Not all blockings or partial collapses are beneficial: certain choices can eliminate geometric ergodicity or worsen mixing, as demonstrated by explicit counterexamples in block-update Markov chains (Mak et al., 11 Jan 2026). Consequently, empirical or theoretical validation of spectral properties for the specific block/collapsing scheme is recommended.
Extensions include distributed versions for federated learning with DPMMs (Khoufache et al., 2023), structured sparsity (e.g., group slabs), and intractable cases addressed via approximate integration (e.g., EP-based approximate collapse) (Aicher et al., 2018).

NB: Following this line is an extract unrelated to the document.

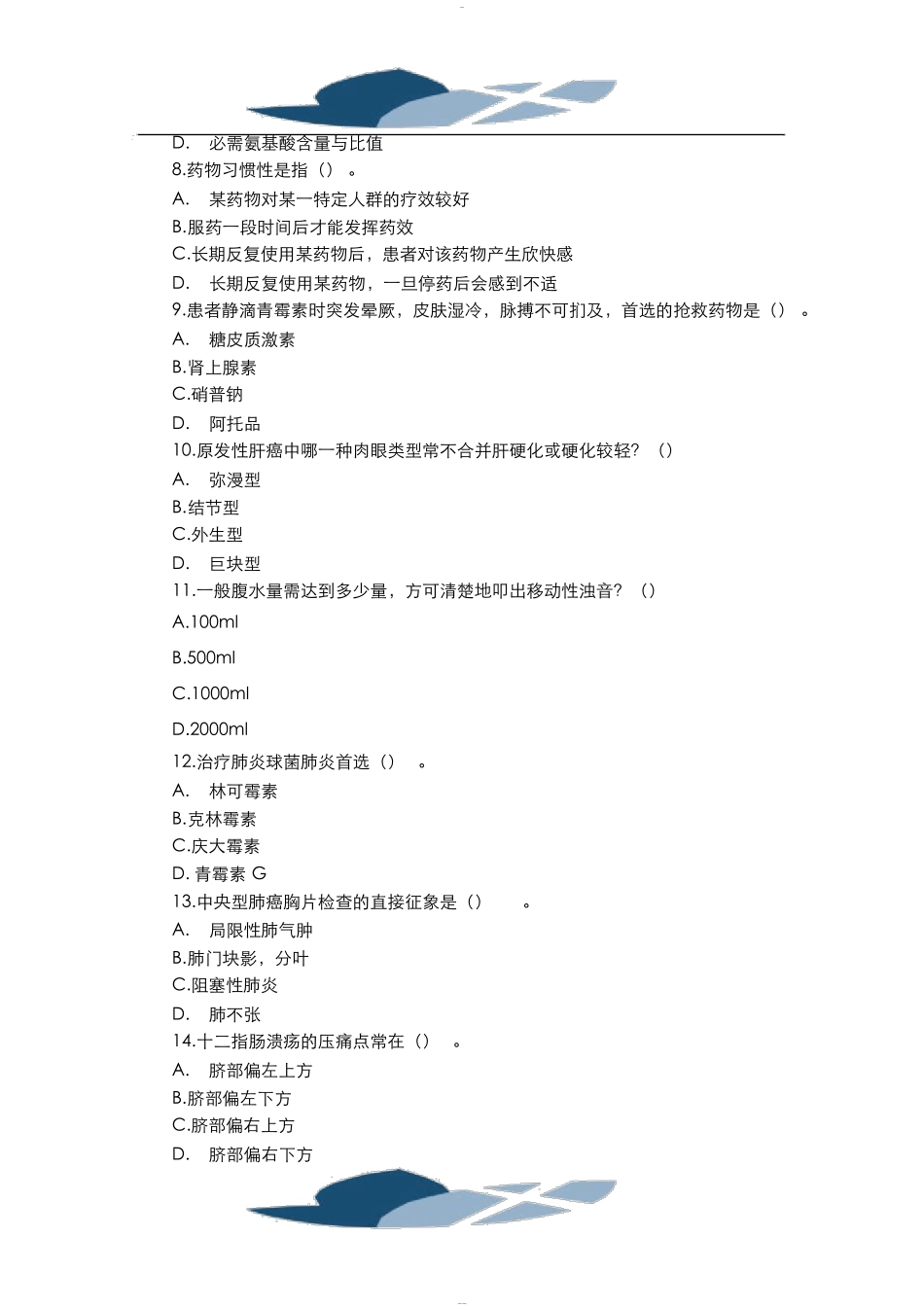 事业单位考试医学基础知识题库及答案_第2页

7. Comparative Performance and Practical Guidelines
Empirical studies report that collapsed and PCGS methods lead to dramatic reductions in the number of MCMC iterations required for effective convergence and often comparable per-iteration computational cost relative to standard methods (Amrouche et al., 2021, Grabski et al., 2019, Khoufache et al., 2023). In ultra-high dimensions (1 with sparse true solutions), collapsed samplers leveraging random-scan schemes with data-driven proposal weights achieve exact posterior inference with memory and computation requirements dramatically lower than full-sweep Gibbs, maintaining rigorous ergodicity and stationarity (Chung, 10 Jan 2026).
In practice, the following guidelines emerge:
- Identify analytic marginalizations that reduce conditional dependence and are still computationally feasible.
- Ensure the update schedule respects the permissible cycle condition for operator contraction.
- For models with intractable marginalized steps, consider approximate integration or expectation propagation within the Gibbs cycle.
- When incorporating MH updates inside a collapsed step, use the conditioning-reduction–permutation–trimming framework to preserve stationarity (Dyk et al., 2013).
- Block or collapse only as far as gains in mixing outweigh complexity overhead or loss of geometric ergodicity.
The collapsed Gibbs and its partially collapsed descendants remain a cornerstone of efficient MCMC for hierarchical and latent-structure models, supported by a broad spectrum of theoretical and computational advances (Dyk et al., 2013, Amrouche et al., 2021, Kuo et al., 2024, Mak et al., 11 Jan 2026).